The consolidated changes may be incorporated into master data. The master data may be posted with the consolidated changes. The first version of data and the first metadata may include a pending change to the master data. The first version of data and the first metadata may be received before receiving the second version of data and the second metadata. The first version of data and the first metadata may be received from a first source and the second version of data and the second metadata may be received from a second source. The first source may be different from, or the same as, the second source. For example, the first source may include a client and the second source may include a server that is programmed to detect concurrent changes in data.
The second version of data and the second metadata may be stored in a staging area. The first version of data and the first metadata may be stored in the staging area. At least one of the first metadata and the second metadata may include a global unique identifier or a time-stamp. The first metadata and the second metadata may identify an original version of the data upon which both first version and the second version are based. At least one of the first and second metadata may identify data to be changed, a version of the data upon which a change is based, and a version of the data that the change produces. For example, the first metadata may identify data to be changed by a client, a version of the data on the client upon which a change is based, and a version of the data on the client that the change produces. In another example, the second metadata may identify data to be changed by a server, a version of the data on the server upon which a change is based, and a version of the data on the server that the change produces.

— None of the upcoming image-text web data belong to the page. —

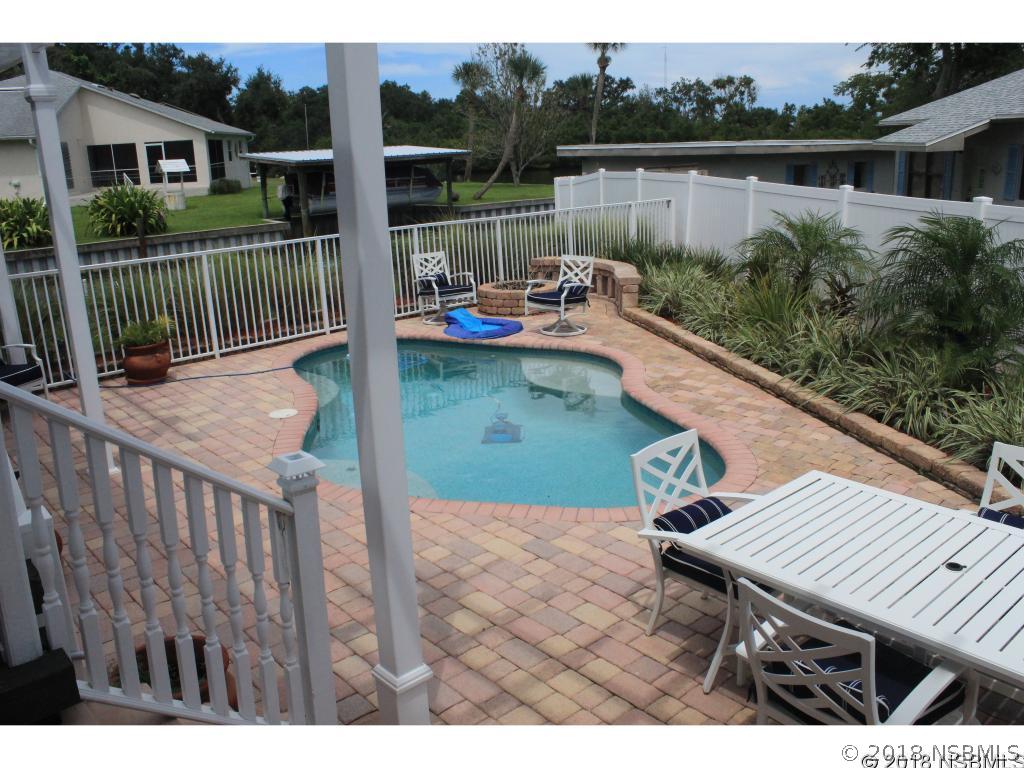 189 Flamingo Road Edgewater, FL 32141 - Photo 5 of 19 Gallery Image 5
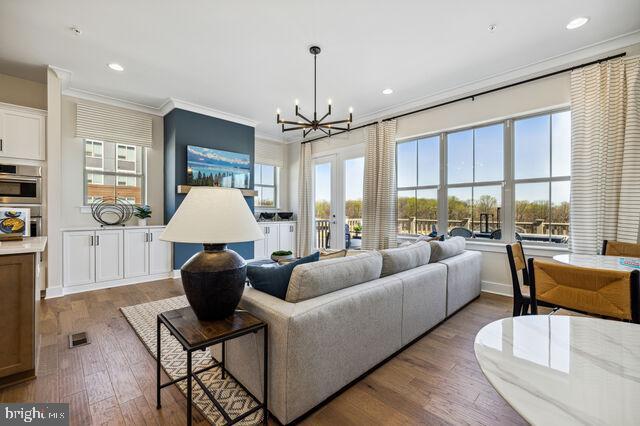 THE GROVE - Residential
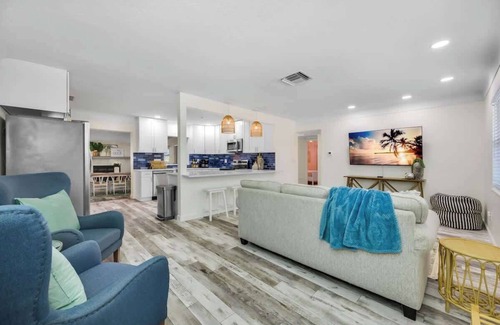 Walsingham Casa | Pool | King Bed | Amenity Packed | Family Friendly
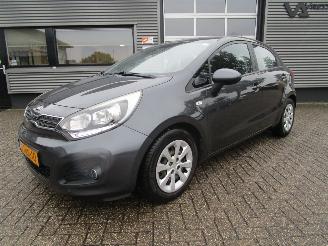 uszkodzony samochody osobowe Kia Rio 1.2 CVVT Business Line 5drs 2014/5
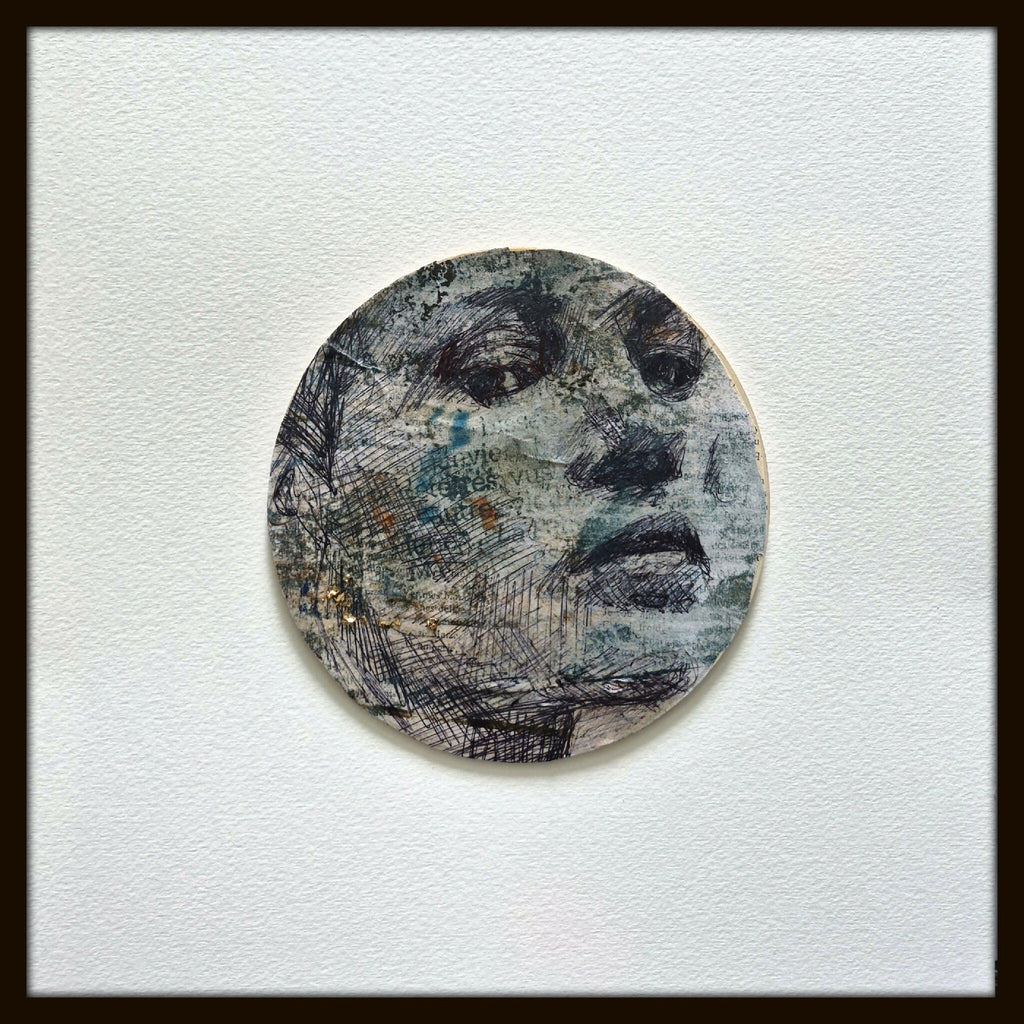 Tableau encadré avec cercle abstrait aux tons gris et noirs sur fond clair.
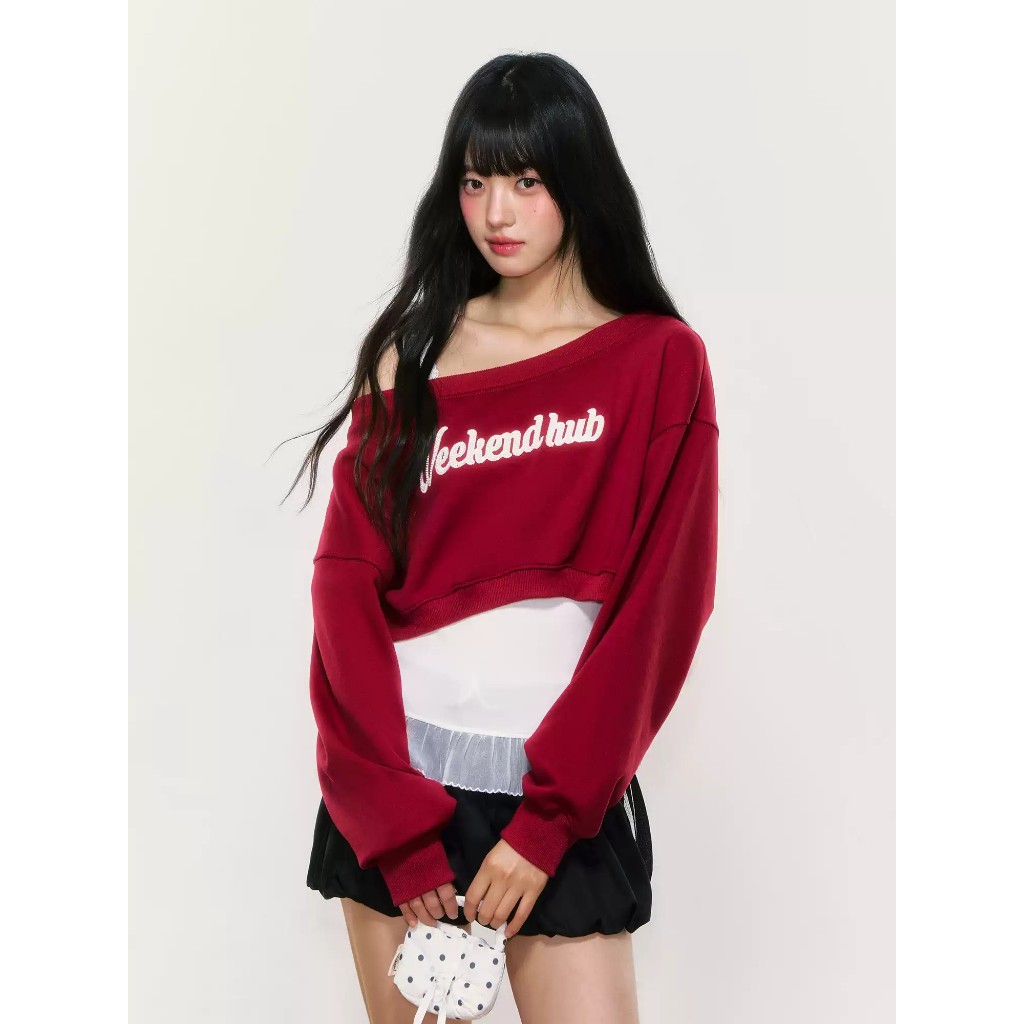 Weekendhub | pre-order  ครอปสเวตเตอร์เปิดไหล่ ได้ 2 ชิ้น สั่งจากแบรนด์โดยตรงแท้💯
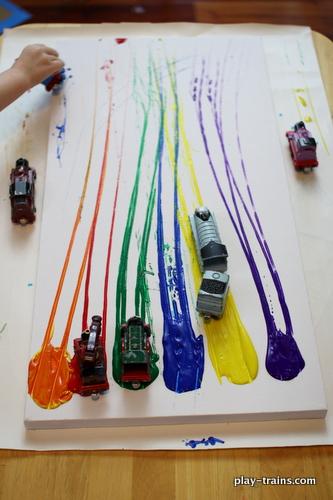 孩子们的小汽车只能玩游戏？印画、装饰、身高板，样样都行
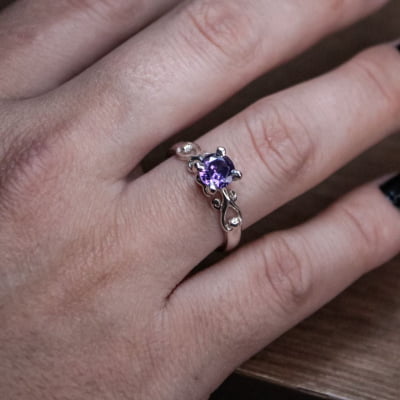 Solitário Frigg em Prata 925 com Zircônia roxa – Joia Artesanal Maktub Pratas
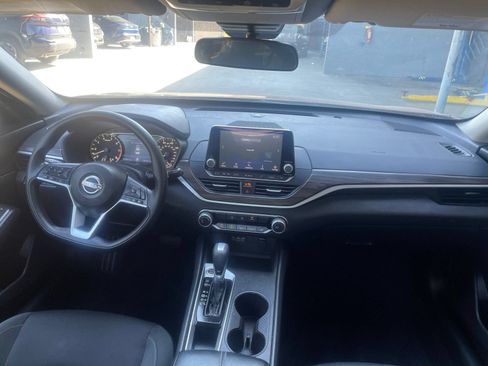 Used 2025 Nissan Altima 2.5 SV FWD image 33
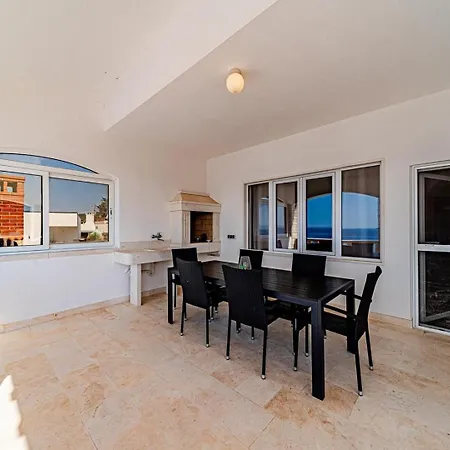 House Nova 4* Blato (Korcula)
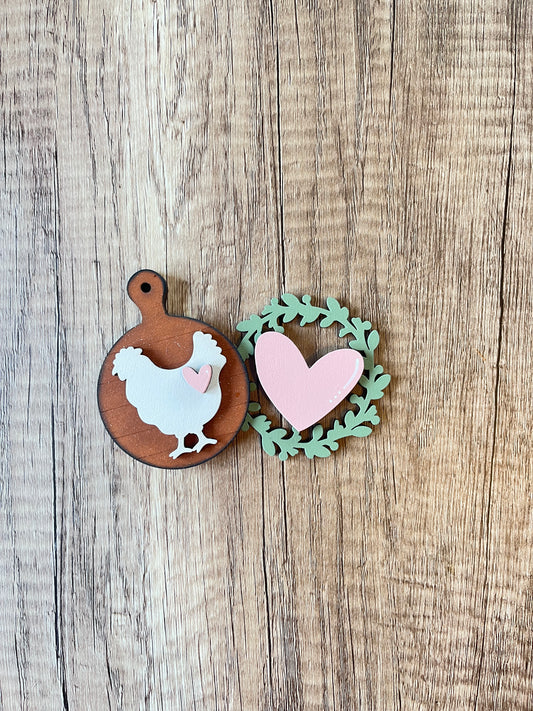 Chicken/Wreath Mini Cottage Cabinet Insert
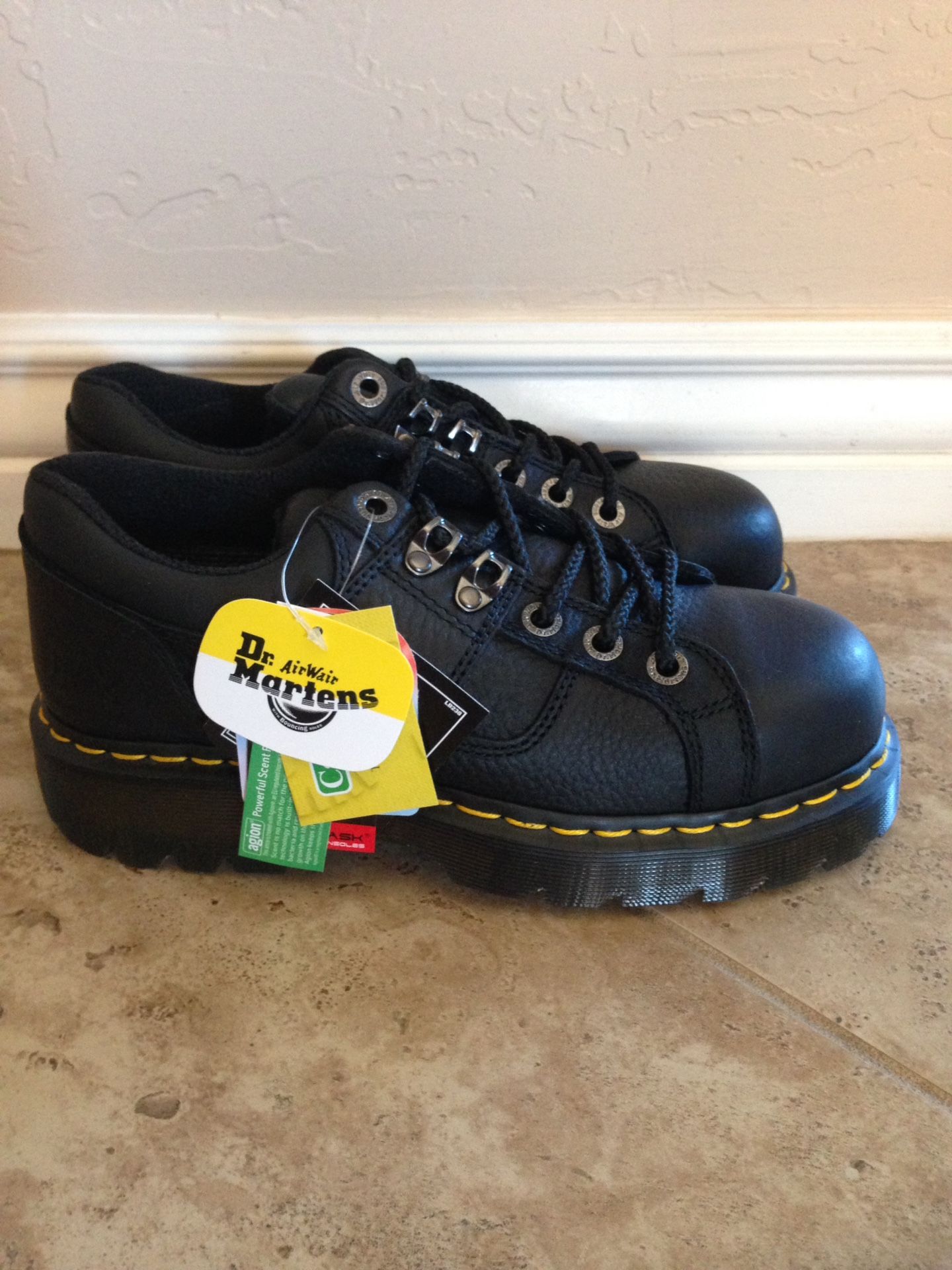 Work shoes unisex Dr Martens Gunby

The details of one or more examples are set forth in the accompanying drawings and the description below. Further features, aspects, and advantages of the invention will become apparent from the description, the drawings, and the claims.
Like reference numerals in different figures indicate like elements.
Referring to
Master data is stored here as data objects. Generally, a data object is a collection of information that is grouped together and treated as a primitive in a data processing environment. A data object is generally free of internal references and information stored in a data object can be changed without concomitant changes to the data processing instructions that handle the data object. The information in a data object can be stored in a contiguous block of computer memory of a specific size at a specific location.
The master data may be relevant to data processing activities at the different data processing devices. For example, master data may be relevant to data processing activities, such as interaction with a user, at a client and to data processing activities, such as application software, at server 12. Master data may also be relevant to multiple applications at individual data processing devices.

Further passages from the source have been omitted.